Tras una larga agonía, España fue liquidada el pasado miércoles en el Parlamento catalán. Y el próximo día 11, por las calles de Barcelona, su cadáver será paseado sin que ni siquiera acudan al sepelio sus deudos: los gobernantes de un Estado que no supieron defenderla. Ninguno.

Al contrario, fue ese Estado el que la fue entregando, deshaciendo, poniéndola en manos de caciques y castas regionales que buscaban su desaparición para hacerse, sobre su vacío, con el poder absoluto en sus territorios. Como fue siempre. Como se disgregó el imperio para que las burguesías criollas gozaran de plena impunidad para explotar a los indígenas (¿saben que el PIB de la España americana previo a las independencias no se recuperó hasta un siglo después?). Y como, con la más generosa intención, la España democrática, la que soñaba una nueva era de ciudadanos libres e iguales, sin discriminaciones de cuna ni origen, se articuló en comunidades, que, sin embargo, con toda la deslealtad posible, caminaron desde el principio para constituirse en estados cuyo final irremediable era una nueva oleada de independencias interiores. La que ha culminado y se ha hecho visible el pasado miércoles, pero que ya existía.

La nación ha muerto porque hemos dejado de sentirnos concernidos por lo que ocurre más allá de las viejas fronteras provinciales, porque vivimos refugiados en nuestras patrias jíbaras y nos hemos resignado a que el Estado que nos articulaba y nos unía sea ya sólo un fantasma.

El sarcasmo reside en que esa disgregación se hizo para contentar a quienes decían necesitar un margen para el cultivo de su lengua. Lo que nadie les negaba. No quisimos ver que todo formaba parte de una estrategia de largo alcance, de un proceso de nacionalización y conversión de reticentes, de la implantación de un nazismo light que terminaría, como ha ocurrido, en la proclamación de independencia.

Nunca, por lo demás, lo ocultaron. Fue un Estado acomodaticio y cobarde el que se negó a ver la realidad, el que consintió que se trocearan la sanidad, la educación, la policía, el agua, hasta la desaparición como tal Estado de unas comunidades autónomas ya cuasi soberanas. Y fue una clase política indecente y cómplice, sobre todo una izquierda capaz de vender su alma al racismo separatista con tal de destruir a la derecha, la que nos ha llevado a esto.

Vean lo último: en Barcelona, una diputada de Podemos, esa tragedia ridícula tan desunida ya como la propia España que propugnan, quitaba las banderas españolas que, junto a la ‘senyera’, habían dejado los miembros del PP al abandonar sus escaños.
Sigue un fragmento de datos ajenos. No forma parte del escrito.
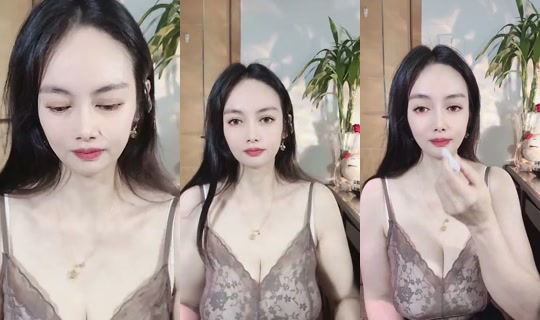 1130949744 Bigo Live — Oct 2, 2026, 8:38 PM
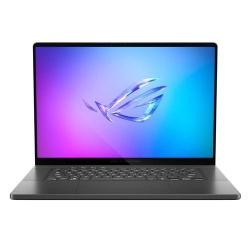 ASUS Zephyrus GA605WI-QP055W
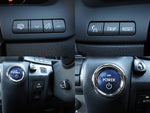 LEXUS LS600hL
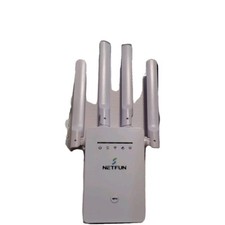 300mbps wifi repeater for sale  Hazleton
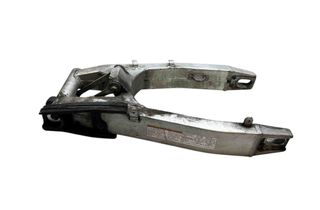 SUZUKI GSF BANDIT Rear swingarm  gsf1200 31127737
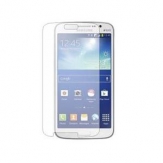 Протектор за Samsung G7102 Galaxy Grand 2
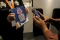 Bank Indonesia Catat...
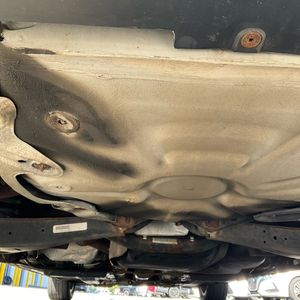 2009 Volkswagen JETTA SE 照片 24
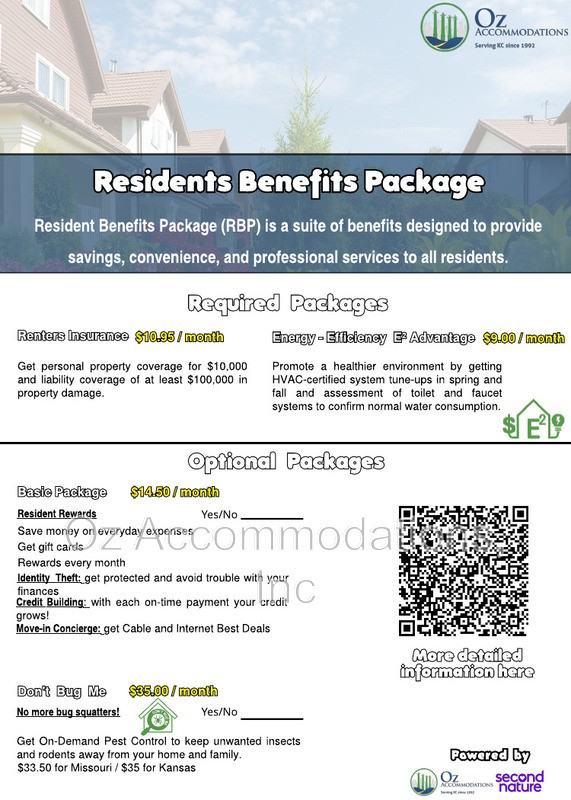 217 N Mcgee St - Photo 2 of 3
La señora se llama Ángels Martínez y su grupo se abstuvo ante el golpe de Estado que se estaba ejecutando en el Parlamento catalán. Les da igual a estos estafadores que decían venir a regenerar la democracia. Lo que preocupaba ese día al cínico de Iglesias Turrión era el aniversario de la boda de la hija de Aznar, disimulando el bodón de su socio Garzón, un payo que se dice comunista y se casa de chaqué y a 300 euros el cubierto.

Y mientras, en el PSOE, diciendo que están con el Gobierno (tengo yo que ver eso, si el Gobierno hiciera algo), pero dándoles la razón a los separatistas con lo de que en España somos “al menos, unas cuatro naciones”, expectoración política de esa ambición con patas que es Pedro Sánchez, y que merecerá quedar en los anales de la estupidez hispana.

Y vean a la derecha. Bueno, no la pueden ver, porque no está.